Professor Axworthy, I would like to quote an article you wrote during the minority government in 2004, so I will speak in English.
Talking about minority Parliaments, and it was the first one since the 1970s at that point, you wrote:
Policy actually gets made on the floor of the Commons.
That is important, of course. You also say:
The whole focus of Ottawa shifts from quiet discussions between deputy ministers to the public, and noisy negotiations between politicians in the cockpit of Parliament.
If I just rewind a bit, you also mentioned that:
Nothing will erase the democratic deficit faster than the election of a minority Parliament. The House of Commons becomes king. Power slips away from the executive toward the legislature.

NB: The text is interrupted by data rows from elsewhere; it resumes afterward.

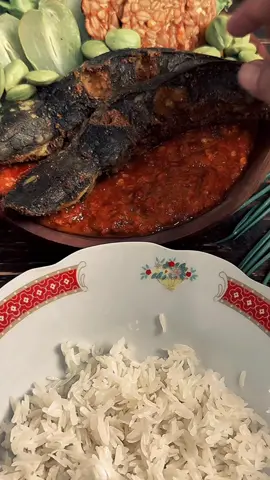 Pecel Lele Lamongan adalah makanan khas Kabupaten Lamongan, Jawa Timur, yang terdiri dari ikan lele goreng disajikan dengan sambal tomat pedas, nasi putih atau nasi uduk, dan lalapan mentimun, pete, kol, kemangi, dan kacang panjang. Makanan ini sangat populer dan mudah ditemukan di seluruh Indonesia, terutama di kota-kota besar, karena harga yang terjangkau dan cita rasanya yang khas.  #tanahjawa #sukujawa #jawapremium #adatjawa #budayajawa #kulinerjawa #pecellelelamongan #lamongan 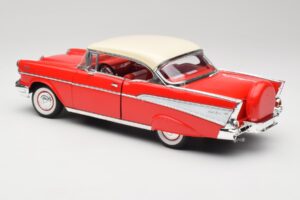 Chevrolet Bel Air Matador Punainen & India Norsunluu Road Legends 1:18 92109 Metalli — kuva 7 / 8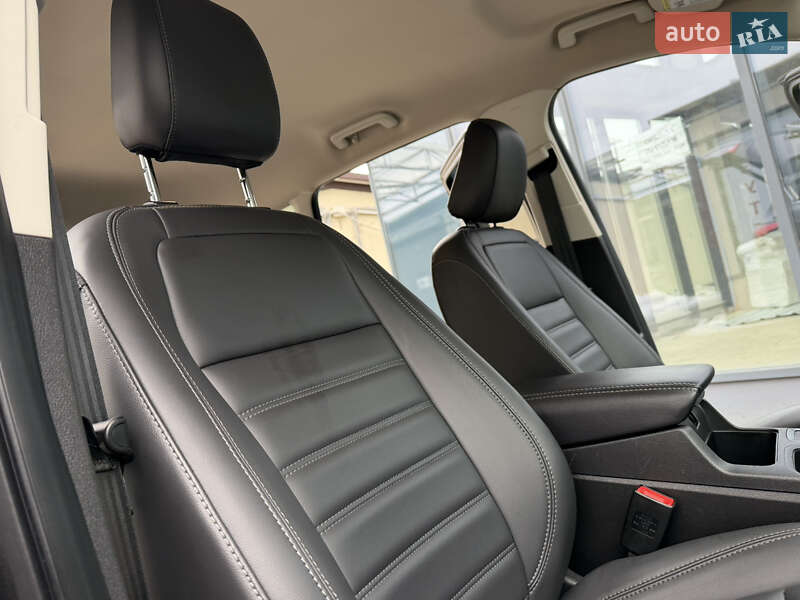 Позашляховик / Кросовер Ford Escape 2019 в Дрогобичі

I raise these points because when we talk about mixed member proportional, we often talk about the best of both worlds. We can look at examples like Germany, where contrary to popular belief there can be a lot of stability in a proportional system. Coupling that with what you wrote then, can we reach the conclusion that a proportional system would lead to those same kinds of negotiations that we see in a minority Parliament, yet it's more of a stable system where—not to discredit your article, because you mentioned it further, and I don't want to omit anything—parties play a big role and there's that constant sense of election? We'd be removing that, but keeping the good stuff where MPs are taking their roles much more seriously than perhaps they do when it's four years of a majority government?